The Houston Chronicle summed things up nicely: “…the Rockets treated the [3-point] arc as if it were a moat, patrolled by creatures far more threatening than the normally porous defenders of the New York Knicks.” At least one such fearsome creature was seated behind me. I couldn’t see him but he was a geyser of profanity, a sports-themed Tourettes victim from a Rob Schneider film, a realization of a Ralph Steadman gonzo portrait- distended mouth agape, projectile vomiting, eating, and drinking all at the same time, in the same space- beer, spew, hot dog meat, and words all hopelessly commingled into an evil stew. This last image was particularly vivid as I had brought Fear & Loathing with me, in my jacket pocket, and was reading it in the lobby and then in my seat, waiting for the game to begin.

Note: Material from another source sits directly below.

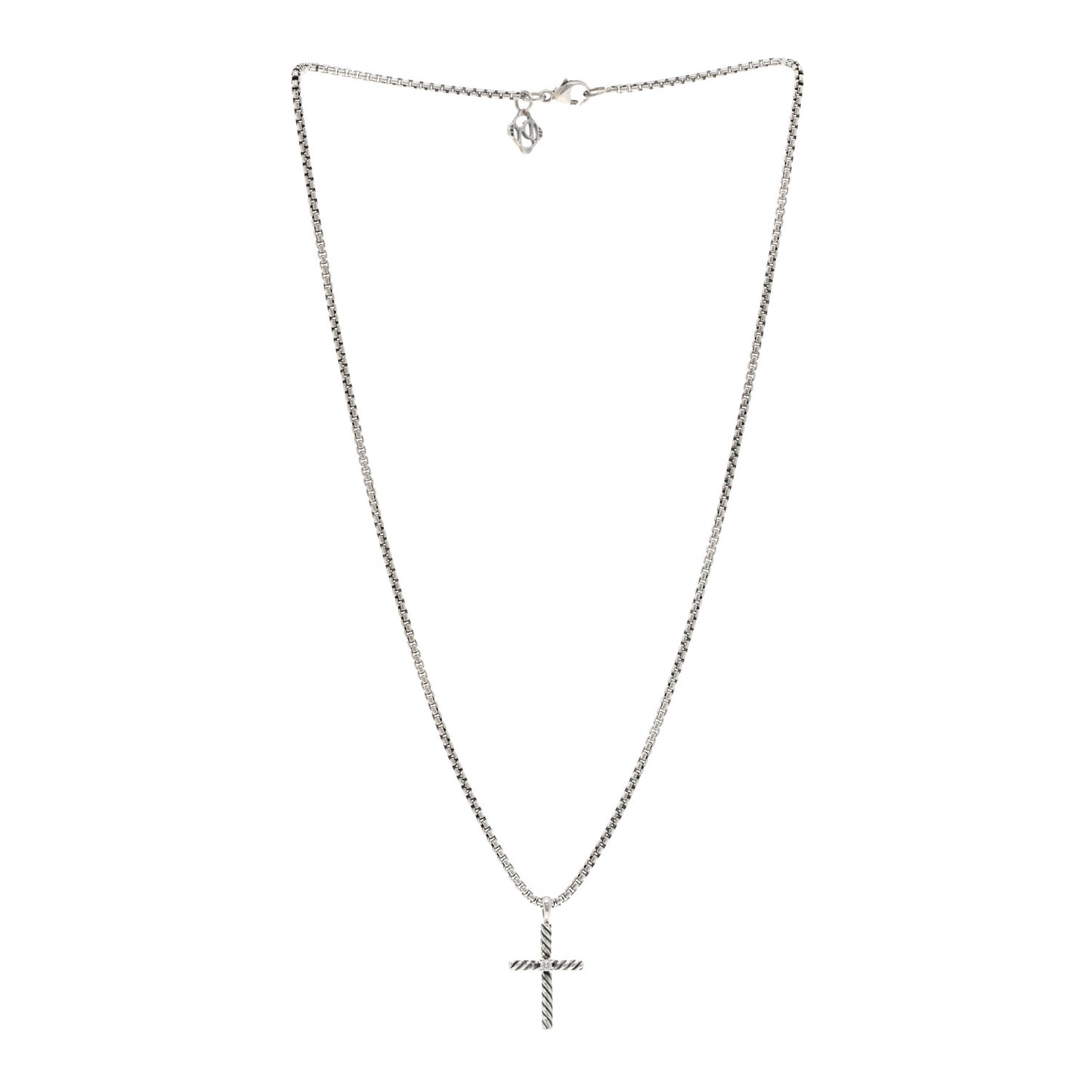 Sterling Silver Diamond Cable Classics Cross Necklace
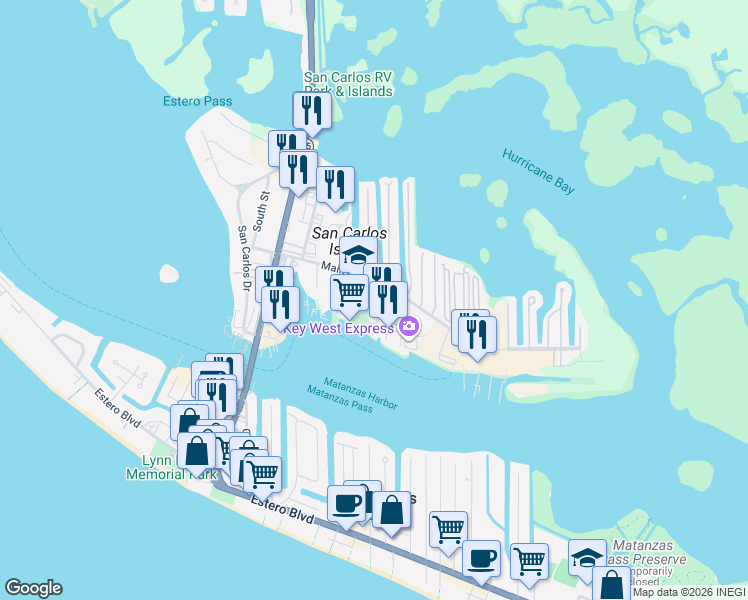 map of restaurants, bars, coffee shops, grocery stores, and more near 782 Oak Street in Fort Myers Beach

I sat next to two girls. On my left, Stephanie, who, in the fourth quarter, took pictures of a KISS figurine superimposed over the court, a trick of perspective giving him the mien of a fey giant, primping and posing thirty feet tall on the hardwood. On my right, a girl whose name I did not catch was, in the same breath, espousing a love for Chris Duhon and a not-quite-unhealthy but slightly paranoid nonetheless distrust of Italian rookie Danilo Gallinari. Slight paranoia is something I can get behind. She told me, “I can’t root for someone who hasn’t done anything yet.” I nodded sagely, saying nothing, with nothing to say.
It was just about this time the Rockets dribbled away their final lead like soup off of an old man’s chin. I had nothing left, no smugness and no Cracker Jacks (I had finished those off at the end of the third quarter). A few minutes later, as the final seconds trickled down, I slinked away.



zombi posted: 16 Aug at 4:15 pm
dont know how old the post is,
but i was just looking at your site and thought you may like to know…
"The best laid schemes of mice and men" is a clip from
"To a Mouse, on Turning Her Up in Her Nest with the Plough"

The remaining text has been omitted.